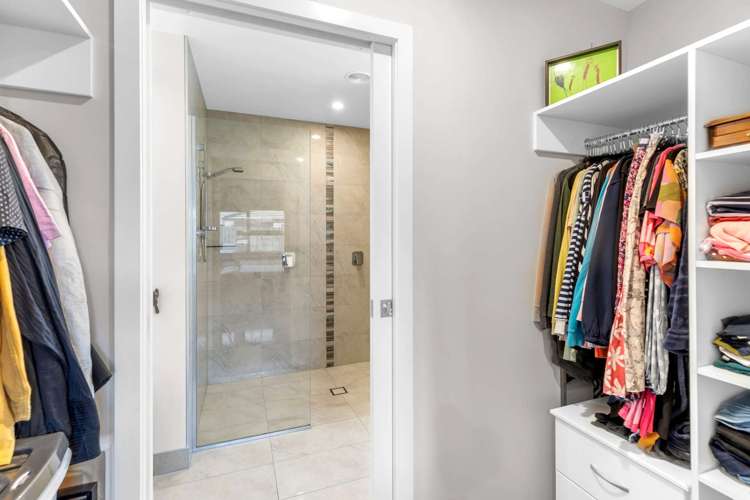 17 Story Street Foxton Beach_18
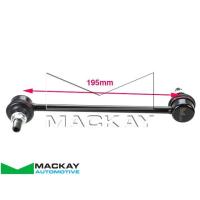 Mackay Sway Bar Link Thumbnail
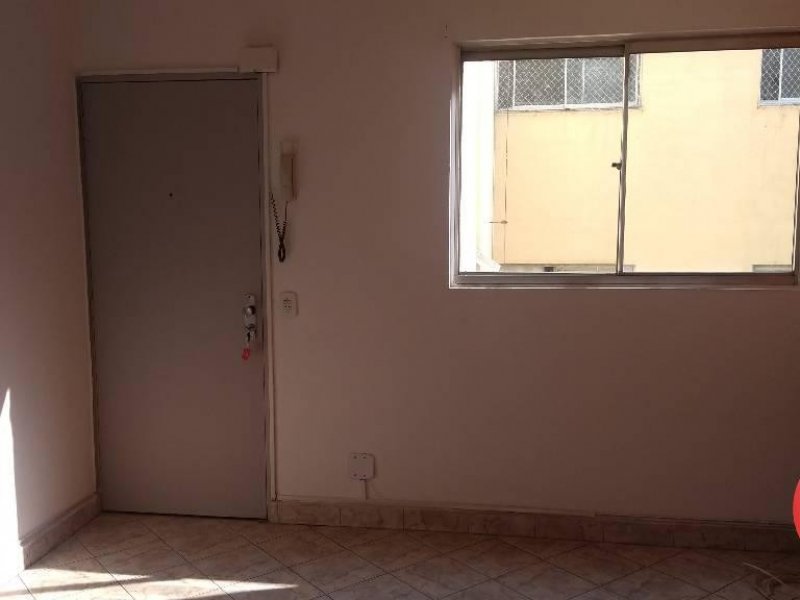 Apartamento à venda Jardim Independência com 60m² e 3 quartos por R$ 255.000 - 867430910-11079915.jpg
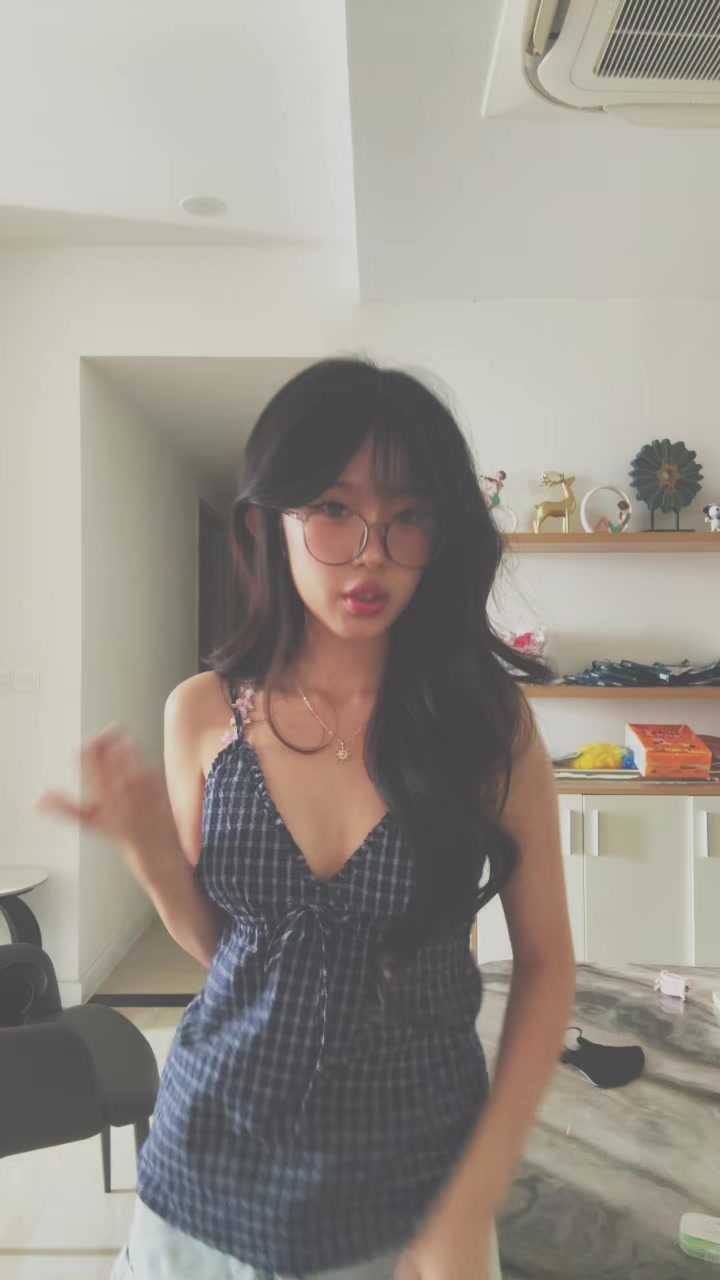 @Holly.xoxo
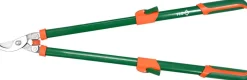 Sekator teleskopowy 660-910mm Flo 99119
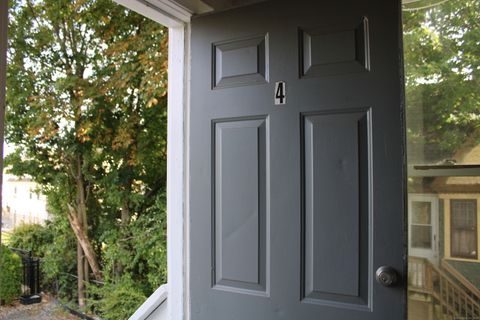 Tiny photo for 42 Summer Street #4, Bristol, CT 06010 (MLS # 24127270)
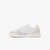 Sepatu Sneakers Slam Break Kulit Pria image number 6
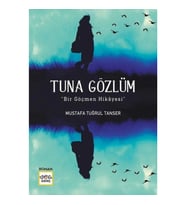 Tuna Gözlüm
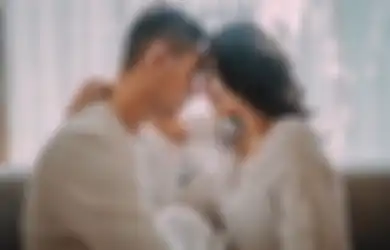 Lagi Asyik Indehoy di Vila Bareng Suami, Siti Badriah Kaget Saat Tiba-tiba Kepergok Paralayang Lewat Sampai Langsung Ganti Gaya: Pas Lagi Endul-endulnya....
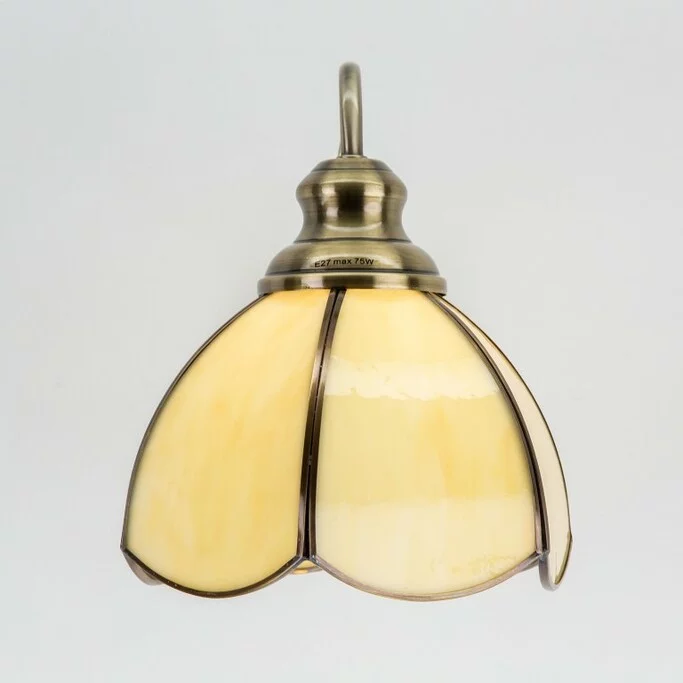 Бра CITILUX Познань CL443311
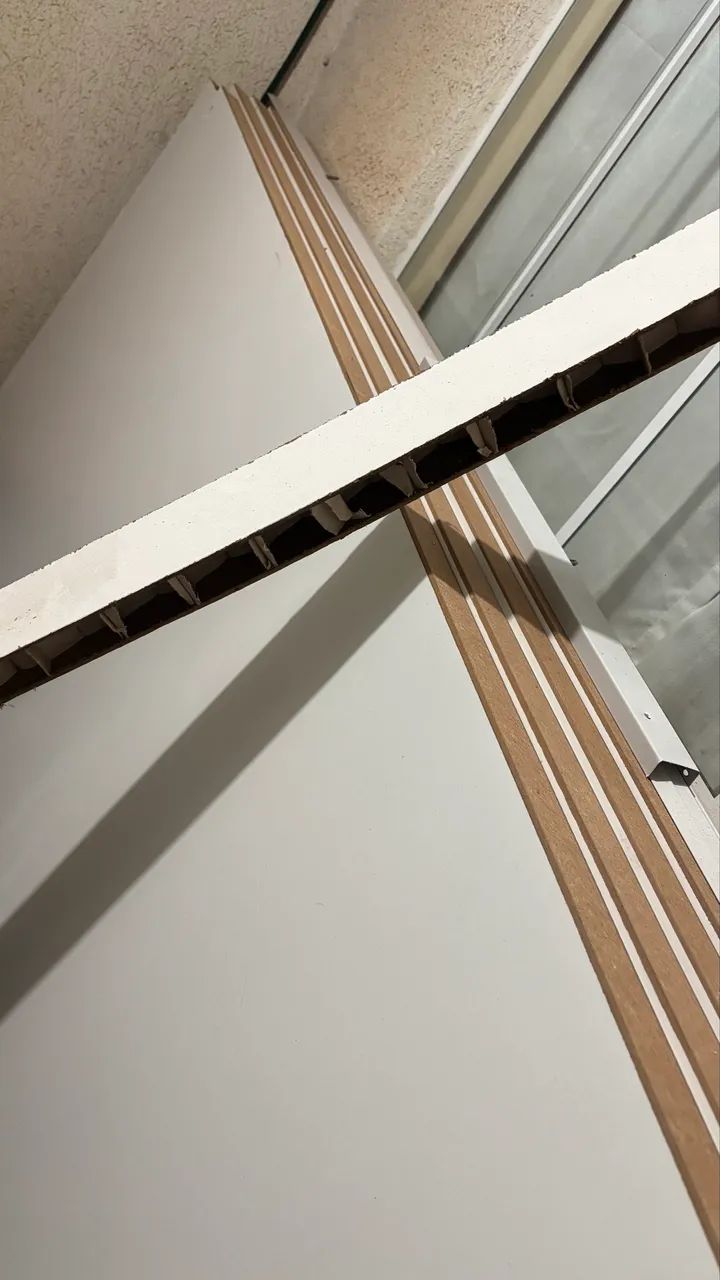 Vende-se divisórias de ambientes  - Foto 2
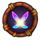 Faerie Element.png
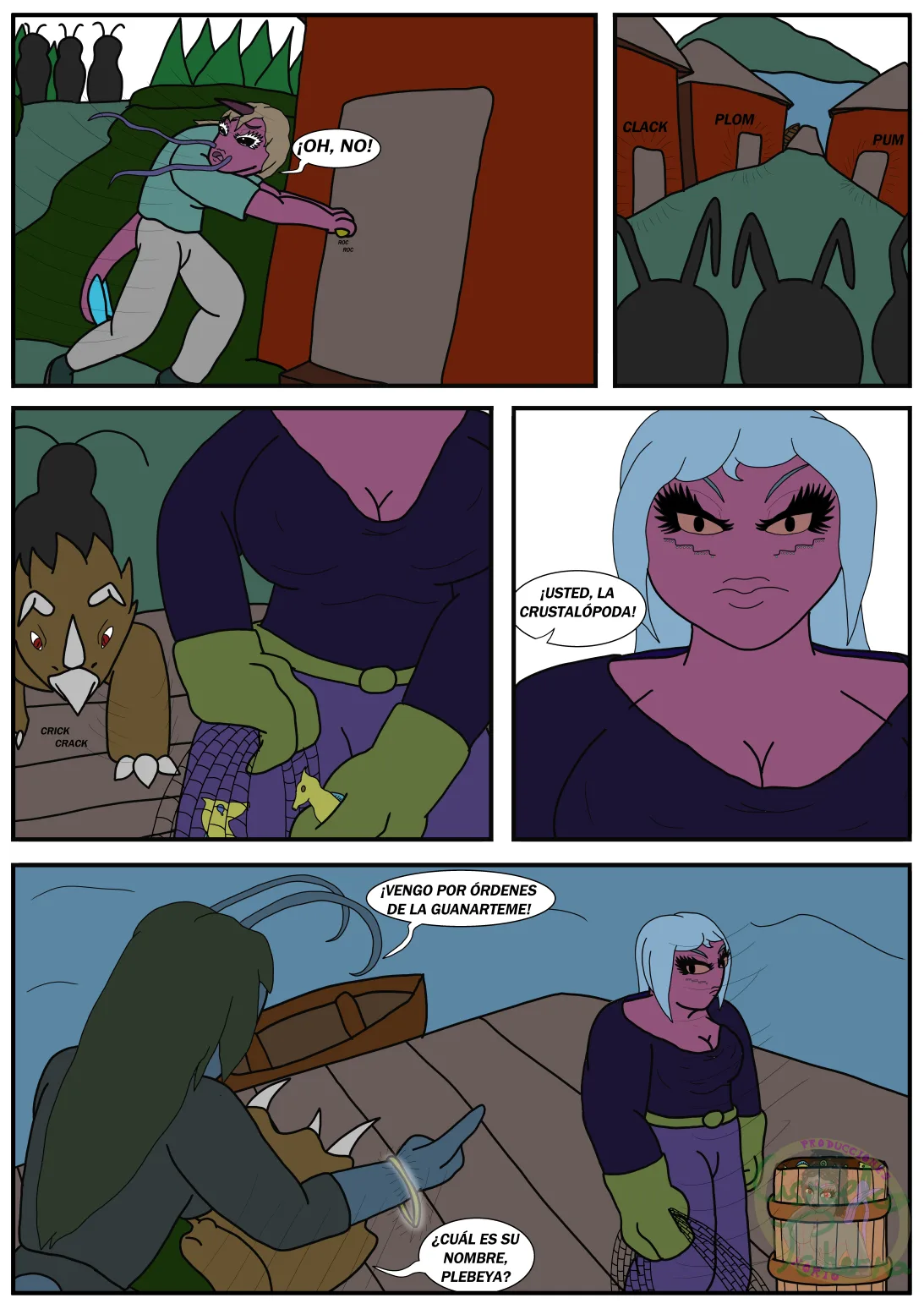 Página 34 del capítulo 2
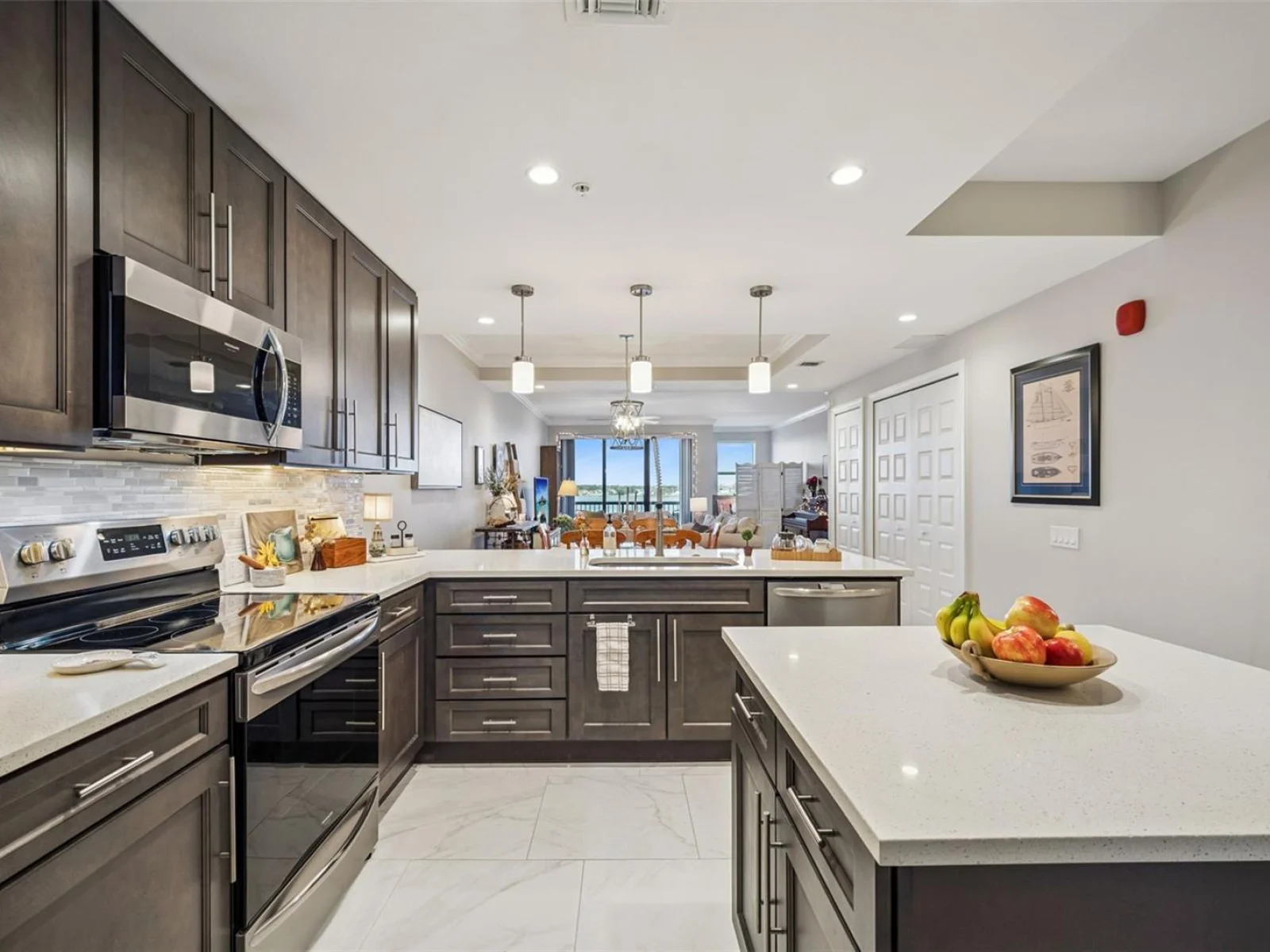 16300 COUNTY ROAD 455 #503, MONTVERDE, FL — photo 15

• **Your goal**
Using the records above, copy exactly and only the lines from the line with "Бра CITILUX Познань CL443311" through the end, both included; leave every picture out.

• **Solution to this task**
 Бра CITILUX Познань CL443311
 Vende-se divisórias de ambientes  - Foto 2
 Faerie Element.png
 Página 34 del capítulo 2
 16300 COUNTY ROAD 455 #503, MONTVERDE, FL — photo 15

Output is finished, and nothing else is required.